Hay dos personajes escritos pero lo que éstos dicen obliga a implicarse al
espectador consciente (por consciencia y sobre todo por conciencia), de tal forma
que el silencio del público acaba por formar parte de esa superposición de dos
monólogos –que no auténtico diálogo- que se desarrolla durante la primera parte
de esta obra.
Este silencio tras algunas frases de los protagonistas fue tan espeso en
la función del sábado 3 en el Rosalía que acabó por ser verdaderamente
estruendoso. Y fue idóneamente aprovechado por los protagonistas, que supieron
prolongar la pausa hasta que el silencio se hizo doloroso, insoportable; de tal
forma que cuando Ray afirma “esto no debería haber sucedido” o cuando Una le
pregunta “¿con cuántas niñas de 12 años te has acostado?” el espectador involucrado
en el transcurrir de la obra no puede por menos de buscar en su interior una
respuesta al drama que para los personajes en escena supone su pasado.

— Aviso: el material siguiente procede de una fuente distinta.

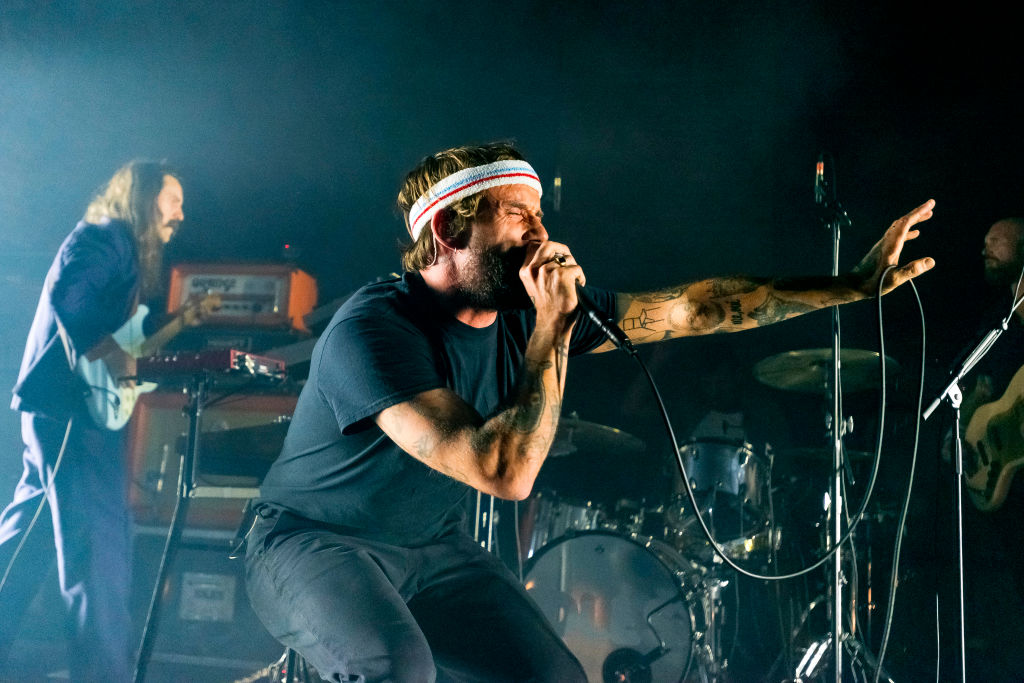 idles-tap-lcd-soundsystem’s-james-murphy,-nancy-whang-for-raucous-single-‘dancer’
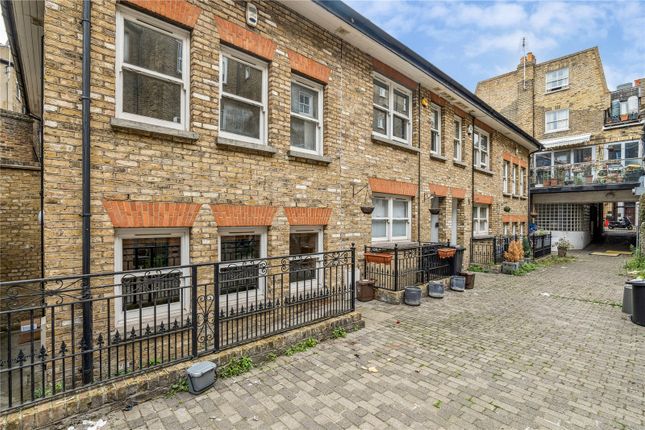 4 bed property, in Aliwal Mews, £1,000,000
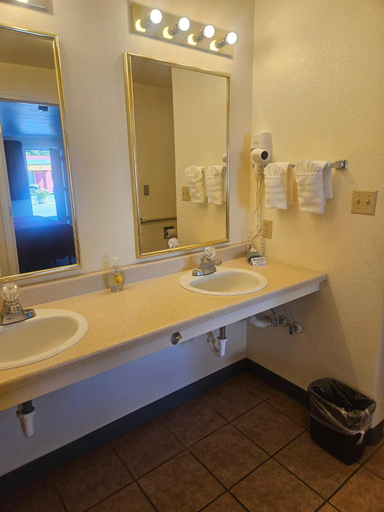 Bathroom 3, Camaray Motel, Okanogan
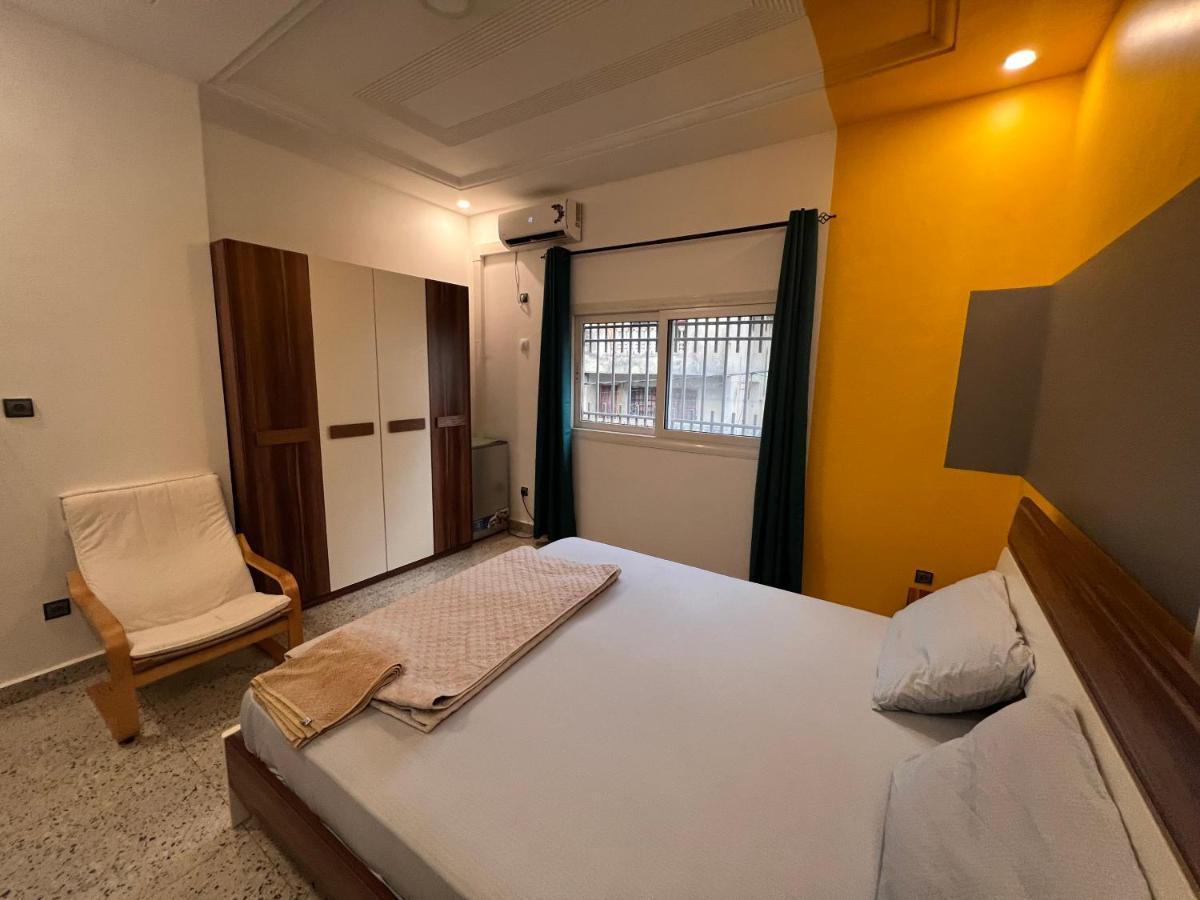 Smb-Gn Residence Lambandji - Electricite Et Wifi H24 Konakry Zewnętrze zdjęcie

Infructuosamente, claro. No hay respuestas simples ni rápidas para preguntas
tan antiguas y complejas como la vida. No las hay en ese momento y tampoco a lo
largo o al final de la función. Porque no puede haber respuesta capaz de
abarcar el dolor y el sufrimiento que implican tales interrogantes, que se alzan desde el pasado como lo haría un fondo marino cercano a la costa en el que quedan varados los protagonistas.

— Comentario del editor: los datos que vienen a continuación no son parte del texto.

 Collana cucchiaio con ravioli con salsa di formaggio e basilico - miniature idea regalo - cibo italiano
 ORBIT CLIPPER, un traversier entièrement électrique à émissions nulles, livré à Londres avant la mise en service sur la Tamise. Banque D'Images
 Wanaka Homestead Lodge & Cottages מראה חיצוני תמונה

La interpretación de Irene Escolar y José Luis Torrijo deja traslucir el drama
interior de sus personajes y se ajusta a la perfección a una dirección escénica
que los deja algo abandonados en beneficio de su propio lucimiento. La
expresión gestual y corporal transparenta bastante el sentir de los personajes
y el baile que realizan en un momento de la función, aunque resulta un tanto
forzado, abunda en este sentido. Un punto menos de rigidez en Torrijo y varios más
de proyección de la voz en Escolar –alguien en el público llegó a gritar “no se
oye”- en los pasajes en los que no usa micrófono habrían redondeado su
actuación.
El espacio escénico y las proyecciones parecen cargados -seguramente, demasiado- de simbolismo y
de contrastes. Entre la suciedad del cuartucho de descanso del lugar de trabajo,
siempre invadido de bolsas de basura y restos de comida como imagen de un
presente atormentado. Presente que no es sino el fruto de un pretérito que la
dirección escénica parece idealizar o al menos dulcificar con la maqueta de
ciudad donde transcurre el pasado de los protagonistas. La pelea entre éstos arrojándose
la basura del cuarto de descanso como una necesidad de culpabilizar al otro. Y las
olas de una marea en continuo crecimiento proyectadas sobre los actores durante
el monólogo de Una, como un agua que no lava pero puede llegar a ahogar.
La dirección escénica es muy rica en estos efectos visuales, incluyendo
en este término tanto coreografía y movimiento actores en escena como en lo tocante
a videoproyecciones. Y lo es tanto que a veces roba protagonismo al diálogo de
los personajes hasta tal punto que uno no sabe si Ferrer lo hace para relajar
la tensión inherente al texto –por cierto, un tanto suavizado sobre la versión
original- o es simple y llanamente un exceso de protagonismo por su parte en
una obra que sólo reclama dar facilidades a los actores para decir. Esa
palabra, decir, que tanto significa en este tipo de teatro.
A propósito de las proyecciones es necesario destacar que lo que se ve en
la inicial y final no existe en el
original. Se les podría reconocer un
cierto afán clarificador pero la primera inserta unos detalles innecesarios:
ese ojo morado de Una no sugiere sino que grita la idea de violencia de género y
esa necesidad de beber a escondidas de una petaca habla de un estado cercano a
la desesperación que realmente no se termina de ver en el texto.
Tampoco procede del texto lo que se ve en el vídeo final, con la mujer y
la hija de Ray esperando en el coche, ni el efectismo de la mancha
sanguinolenta en el parabrisas, como probable símbolo final. ¿Él intenta
seguir con su actual vida? ¿Ella ha agotado sus posibilidades de redención? ¿Se
inmola por ello contra la vida de Ray,
haciendo que tenga ya siempre presente esa mancha como recuerdo del pasado?